First and foremost, it is undisputed that the Melvin-dale Officers were not involved in the Allen Park Officers’ settlement negotiations with plaintiff, were not named in the executed releases, and did not sign the releases. The parties negotiating the releases included plaintiff and the Allen Park Officers only. Plaintiff presented an affidavit from counsel for the Allen Park Officers stating:
My only intent with regard to the Release, Settlement and Order of Dismissal was to release my clients, defendant Allen Park Officers Albright and Locklear, from liability in this matter for the consideration of the $25,000.00 Case Evaluation Award.
*662Additionally, during oral argument in this Court, counsel for the Melvindale Officers conceded that plaintiff and the Allen Park Officers, as the only parties negotiating the releases, did not intend to release the Melvin-dale Officers.
The Melvindale Officers have not asserted that they were parties to the release negotiations and executions; rather, they simply seek to benefit from the boilerplate language contained in the Allen Park Officers’ releases. Again, the Melvindale Officers concede that neither plaintiff nor the Allen Park Officers intended to release them from liability.39
Acknowledging that they were not parties to the releases, the Melvindale Officers argue that they were nevertheless released from liability by the Allen Park Officers’ releases because they are third-party beneficiaries of the agreement between plaintiff and the Allen Park Officers. MCL 600.1405 governs the rights of third-party beneficiaries in Michigan and states, in pertinent part:
Any person for whose benefit a promise is made by way of contract, as hereinafter defined, has the same right to enforce said promise that he would have had if the said promise had been made directly to him as the promise.

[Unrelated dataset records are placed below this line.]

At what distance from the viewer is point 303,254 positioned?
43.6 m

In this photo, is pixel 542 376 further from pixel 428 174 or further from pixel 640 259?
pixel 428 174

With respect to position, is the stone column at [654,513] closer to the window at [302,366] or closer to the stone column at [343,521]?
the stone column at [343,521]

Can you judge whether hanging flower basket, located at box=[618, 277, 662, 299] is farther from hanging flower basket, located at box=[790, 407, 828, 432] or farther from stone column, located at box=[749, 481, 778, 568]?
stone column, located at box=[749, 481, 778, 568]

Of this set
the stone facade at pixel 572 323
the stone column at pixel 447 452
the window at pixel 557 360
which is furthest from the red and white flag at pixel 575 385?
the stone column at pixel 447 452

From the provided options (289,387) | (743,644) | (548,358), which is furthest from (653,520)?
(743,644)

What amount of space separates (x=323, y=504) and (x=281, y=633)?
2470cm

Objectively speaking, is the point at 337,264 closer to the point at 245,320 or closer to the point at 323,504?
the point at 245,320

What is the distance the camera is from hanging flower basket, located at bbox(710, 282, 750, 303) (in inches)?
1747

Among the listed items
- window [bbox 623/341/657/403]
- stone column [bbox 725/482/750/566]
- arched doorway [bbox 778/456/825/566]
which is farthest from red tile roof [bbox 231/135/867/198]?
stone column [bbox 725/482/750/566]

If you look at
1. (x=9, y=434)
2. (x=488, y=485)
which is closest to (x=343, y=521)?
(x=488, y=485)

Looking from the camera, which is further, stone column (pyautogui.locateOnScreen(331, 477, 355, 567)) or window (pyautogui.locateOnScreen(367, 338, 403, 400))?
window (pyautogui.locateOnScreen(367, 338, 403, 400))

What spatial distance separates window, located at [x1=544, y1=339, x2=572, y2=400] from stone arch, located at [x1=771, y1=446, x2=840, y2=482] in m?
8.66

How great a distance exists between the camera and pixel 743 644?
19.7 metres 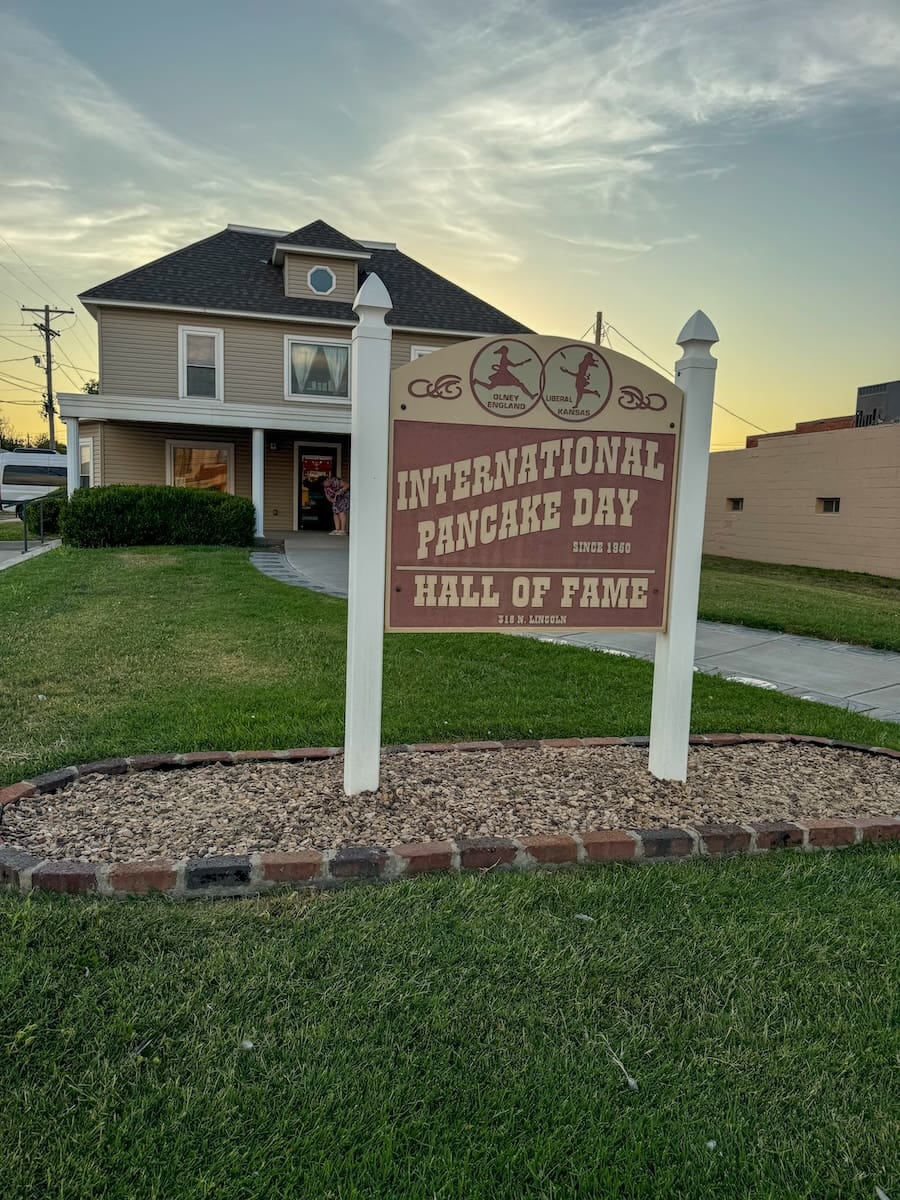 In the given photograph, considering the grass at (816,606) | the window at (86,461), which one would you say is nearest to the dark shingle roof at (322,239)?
the window at (86,461)

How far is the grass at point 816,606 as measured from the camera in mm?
8516

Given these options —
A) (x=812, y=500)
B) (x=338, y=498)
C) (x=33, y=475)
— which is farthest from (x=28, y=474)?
(x=812, y=500)

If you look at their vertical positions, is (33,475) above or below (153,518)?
above

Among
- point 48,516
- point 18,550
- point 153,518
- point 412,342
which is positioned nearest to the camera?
point 18,550

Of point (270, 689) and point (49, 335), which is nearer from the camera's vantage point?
point (270, 689)

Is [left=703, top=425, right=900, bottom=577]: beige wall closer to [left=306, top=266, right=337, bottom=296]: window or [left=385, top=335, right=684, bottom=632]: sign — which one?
[left=306, top=266, right=337, bottom=296]: window

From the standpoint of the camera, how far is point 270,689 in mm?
5512

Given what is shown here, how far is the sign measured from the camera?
139 inches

(1) A promise shall be construed to have been made for the benefit of a person whenever the promisor of said promise had undertaken to give or to do or refrain from doing something directly to or for said person.
This Court has interpreted the applicable statutory language as follows:
*663In describing the conditions under which a contractual promise is to be construed as for the benefit of a third party to the contract in § 1405, the Legislature utilized the modifier “directly.” Simply stated, section 1405 does not empower just any person who benefits from a contract to enforce it. Rather, it states that a person is a third-party beneficiary of a contract only when the promisor undertakes an obligation “directly” to or for the person. This language indicates the Legislature’s intent to assure that contracting parties are clearly aware that the scope of their contractual undertakings encompasses a third party, directly referred to in the contract, before the third party is able to enforce the contract.[40]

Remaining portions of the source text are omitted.